Saturday, April 27, 2013

Doctor responds to Dr. Kress's involvement with assisted suicide in Montana

The following letter was published in the online edition of the Ravalli Republic newspaper in Montana. This letter is a response to the article by Dr. Kress describing the three suicide deaths that he assisted.

I am a general medical practitioner with 30 years’ experience. I work in emergency medicine, with nursing home residents and with incarcerated persons. I have two issues with Dr. Eric Kress's (April 7) opinion describing his assistance of three suicides. 

First, since when did assisted suicide become legal? 

Second, I have concerns about the cases he describes.

Kress claims that his patients were not depressed. His description of one of those patients, however, suggests otherwise. Someone who is "often … found weeping and bemoaning the miserable fated that had befallen him" sounds depressed and unrecognized and untreated. And, someone who is "experiencing increasing pain in his chest…" may have needed different medications. There is essentially no pain that cannot be treated, though a secondary effect may be to hasten death.

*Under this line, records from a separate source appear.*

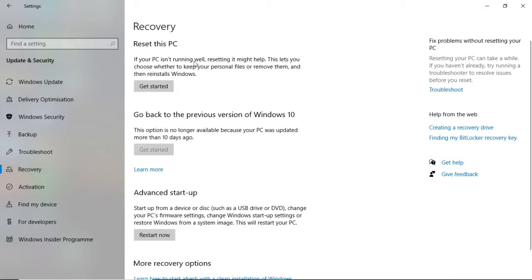It says: if your PC isn't running well, resetting it might help. This lets you choose whether you keep your personal files or remove them and then reinstall Windows. If you want to reset your PC, go ahead and click Get Started.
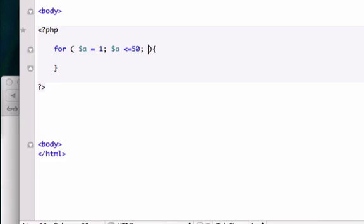And how are we going to increment this? We're going to increment it by one. So I'm going to do $a++. And keep in mind, after our third condition we do not add a semicolon. If we add a semicolon right there, our PHP won't read it and it'll spit back a parse error.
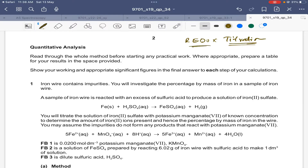I have already done 2 or 3 lectures on acid-base titration. Now this question is related to redox titration. It says: read through the whole method before starting any practical work, and where appropriate prepare a table for your results in the space provided. This is very important — read the whole question thoroughly first, make your tables, and then start the performance part. Show your working and appropriate significant figures in the final answer to each step of your calculation.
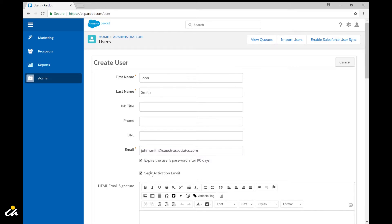The next thing you want to do is check to send the activation email. This is ultimately the email the user will receive where they can go ahead and set their password and ultimately log into the Pardot platform.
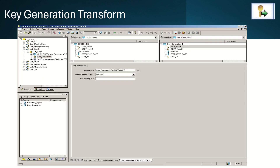This is the key generation transform editor. In schema in, we have the source table, which is the customer table. Schema out is the output after key generation. In the table name section we give the source table as the table name, and we give the generated key column here.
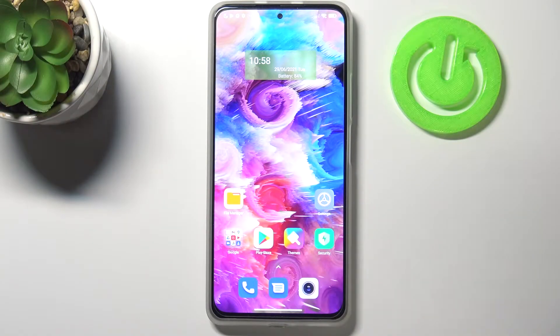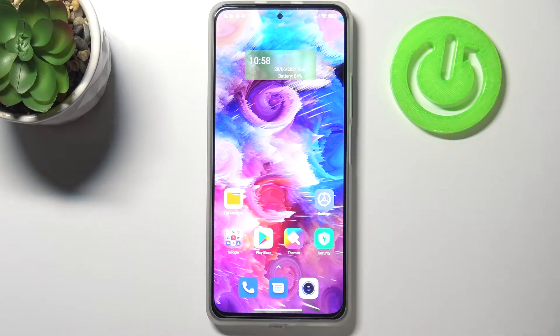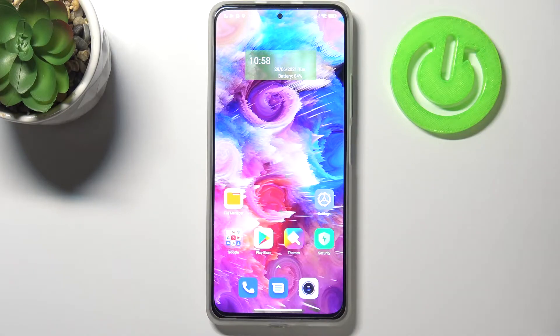Hi everyone, here we've got the Xiaomi Mi 11i and let me share with you how to turn off running apps on this device. To do that, you need to open the recents — that's basically the only thing you have to do.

I do not know the medical facts of these cases; I do know that there were other options than committing suicide, whether or not they were explored.

Doctors’ diagnoses can also be wrong. I have seen patients in my own practice live longer than expected. With this situation, patients participating in medical suicides can be throwing away their lives. I have also seen suicidal people get better, and rebuild lives that looked pretty grim. I do not agree that doctors or anyone else should be assisting other people to commit suicide.